The motion judge erred in concluding that the contempt finding and sentence under appeal was merely a do-over of the original contempt finding and sentence, and that Mr. Verdun’s appeal did not raise a serious question to be argued warranting consideration of a stay pending appeal. The contempt motion was premised on Mr. Verdun’s failure to comply fully with the terms of the conditional sentence he received on the first contempt motion. Pursuant to R v. Casey,  O.J. No. 71 (C.A.) ,there was an arguable issue concerning whether the motion judge was entitled to proceed by further contempt motion rather than invoking enforcement mechanisms for breach of a conditional sentence.

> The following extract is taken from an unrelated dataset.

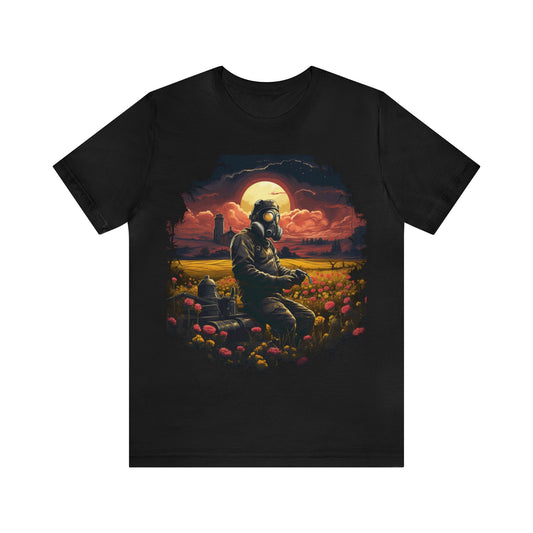 gas mask apocalyptic farmer  Unisex Jersey Short Sleeve Tee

Furthermore, the length of the sentence imposed raised a serious question to be argued on appeal. With respect to the time served under the second conditional sentence, Mr. Verdun faced potential irreparable harm if a stay pending appeal was not granted.
The Court also held that the motion judge erred in finding that there was any potential prejudice in these circumstances to Mr. Astley. The second contempt motion was about ensuring Mr. Verdun fulfilled the terms of the conditional sentence imposed on the first contempt motion. Therefore, the balance of convenience favoured a stay.